- Problem to solve -
Among the entries below, copy only the span from the line containing "HF Logo monogram" through the line containing "Off White &". Do so exactly, and skip the pictures.

- Given entries -
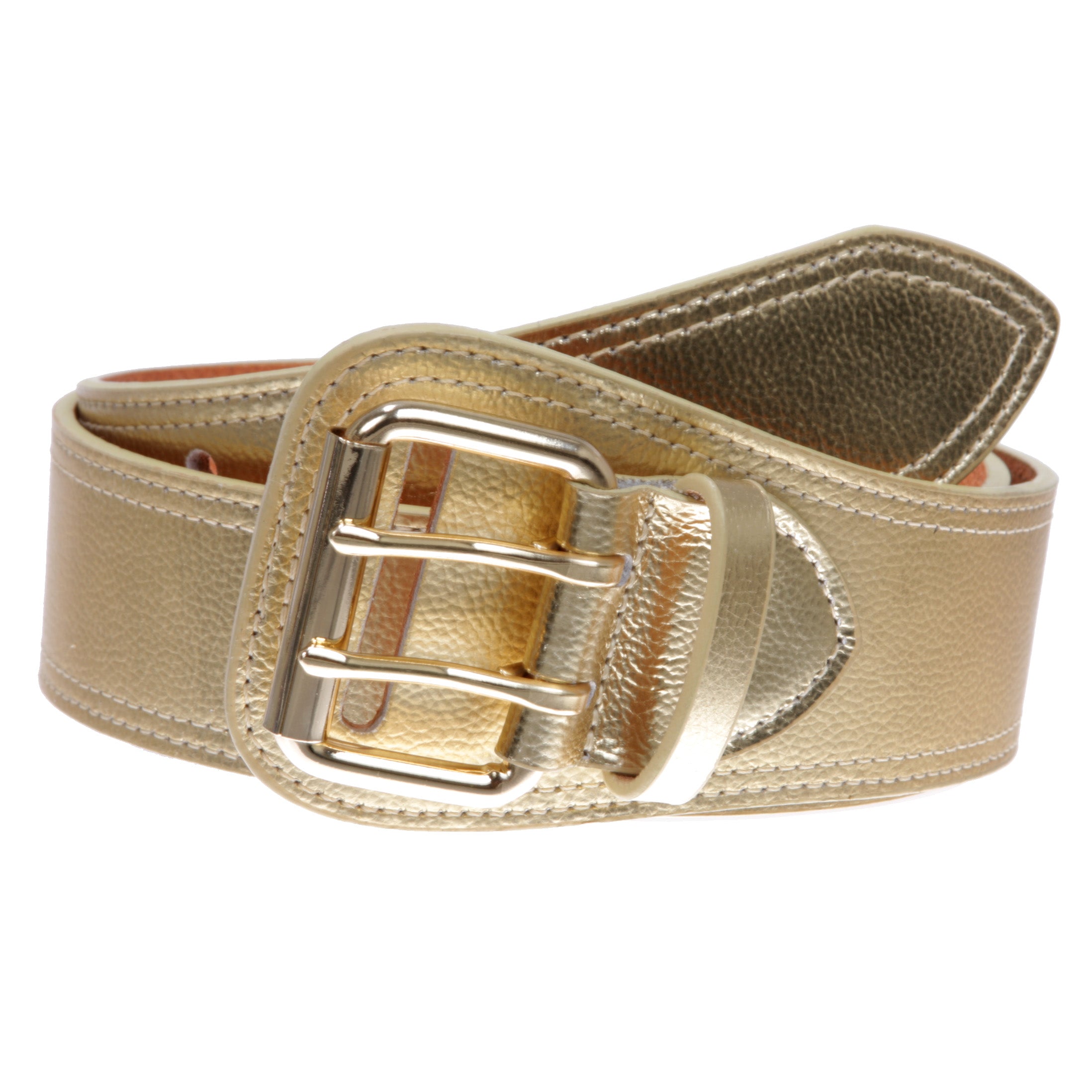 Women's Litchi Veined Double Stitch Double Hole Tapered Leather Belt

--

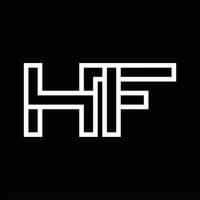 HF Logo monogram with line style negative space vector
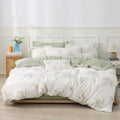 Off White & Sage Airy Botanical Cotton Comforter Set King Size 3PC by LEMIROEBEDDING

- Answer -
 HF Logo monogram with line style negative space vector
 Off White & Sage Airy Botanical Cotton Comforter Set King Size 3PC by LEMIROEBEDDING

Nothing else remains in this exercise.